An Authentic Archive of Arithmetic
Automata that
Ascertain Archimedes' vAlue
(Annoying Alliteration, Ay?)
"Other people talk a lot about the
areas of circles, but I'm actually
doing something about them"
-Dilbert
This page is dedicated to the almighty computer; more specifically to computer programs that take the mystery and magic out of the number pi. To a certain extent they all do the same thing- chew up enormous time and resources for something silly- but you'll be able to see a variety of programming styles and levels of efficiency, both from authors and algorithms (alliteration again!). You'll also see the wonderful battle between massive low-level optimization and clever algorithms, and the amazing results that ensue when both work together.

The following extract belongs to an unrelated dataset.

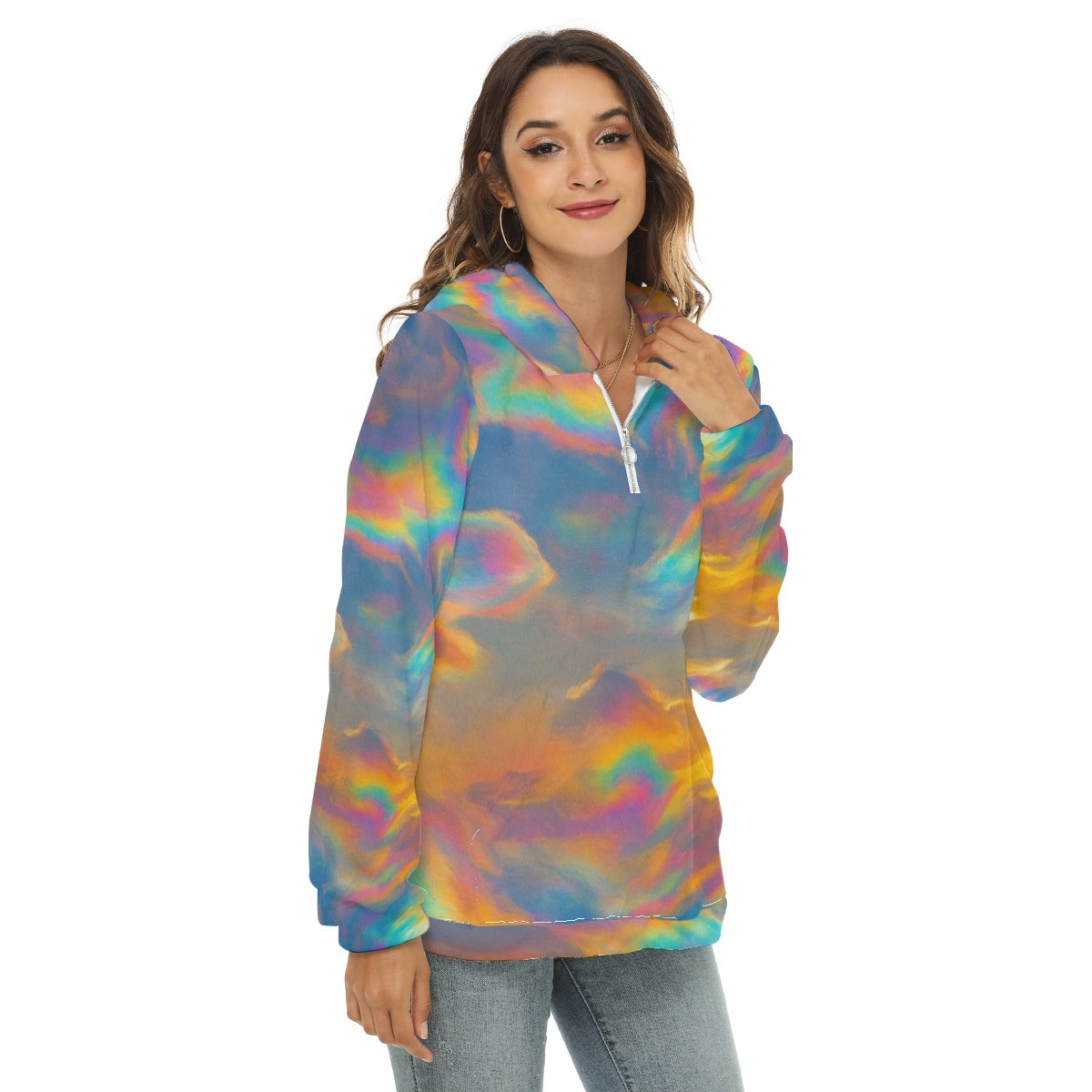 Women's Borg Fleece Hoodie With Half Zip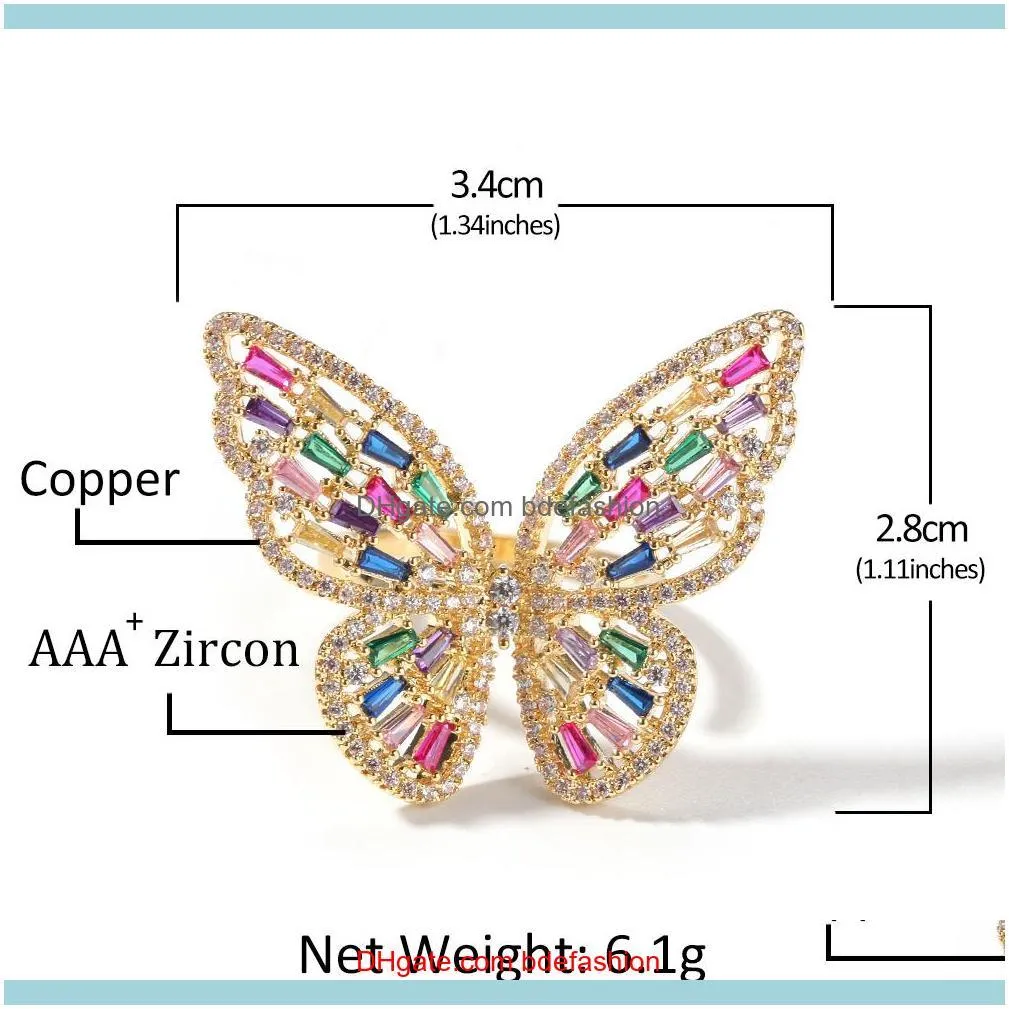 New Arrivel Resizable Butterfly Rings For Men Women Fashion Bling Bling CZ Paved Jewelry Drop Shipping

Folks who visit regularly know by now that this page hasn't really changed in a godawful long time (more than a year). That's because my time has been totally consumed by my job, and it doesn't look like that will change for the forseeable future (i.e. at least a week). Thus, it is with great regret that I declare the content at this URL to be permanent and frozen.
Don't worry though! In the last 15 months the Web has lit up with people who stockpile pi calculators, and are more enthusiastic and organized by far than I've been. I like to think that I'm solely responsible for getting Carey, Dara, and Stu into distributing pi source on the Web, but that's overstating my importance and I know it. Nonetheless, all of them actively collect and test pi crunchers, and if you have one that they don't, please tell them and not me; otherwise, you may end up like Mr. Henry below.
Think calculating pi is hard? Never fear, the religious right has made it easy. I've since found out the story was a clever hoax (Guy Hunt was governor of Alabama until 1993) but I was taken hook line and sinker.
In 1991 The New Yorker Magazine published a wonderful article on the Chudnovsky brothers, Daniel and Gregory. The article also included lots of stuff about pi. Finally, a few months ago somebody scanned and posted the article, and I hope it gives you as much enjoyment as it gave me. Note that this is not intended to be a violation of copyright.
If you want to find out how one makes a pi-cruncher, there are several sources that can help you. An excellent introduction is by Carey Bloodworth, who has written a general treatise and a primer on arctangents. I've written an introduction to high-precision arthmetic for Basic, as has Bruce Dawson for C++. Carey's latest calculator (available on his page) also has extensive tutorials on high-precision and high-performance integer arithmetic.
The Basics
Here can be found the shrimps, computer programs that can
compute pi out to a few thousand digits quickly. They're available in
profusion, so I've had to be picky in choosing cool ones. All are
characterized by requiring "n squared time", i.e. doubling the number of
digits you want multiplies the time needed by four. All of these
programs except one compute pi by adding up arctangent series, and even
that one is derived from an arctangent formula.
pi8.c , a program by
Carey Bloodworth, is a wonderful introduction to multiprecision
arithmetic, and is very clearly written and versatile. It can work in
integer or floating point math and lets you choose one of 5 or 6
arctangent formulas to work with. It's capable of millions of digits of
pi; the only drawback is that it's somewhat generic (and thus somewhat
slow...see the timing results in the source code).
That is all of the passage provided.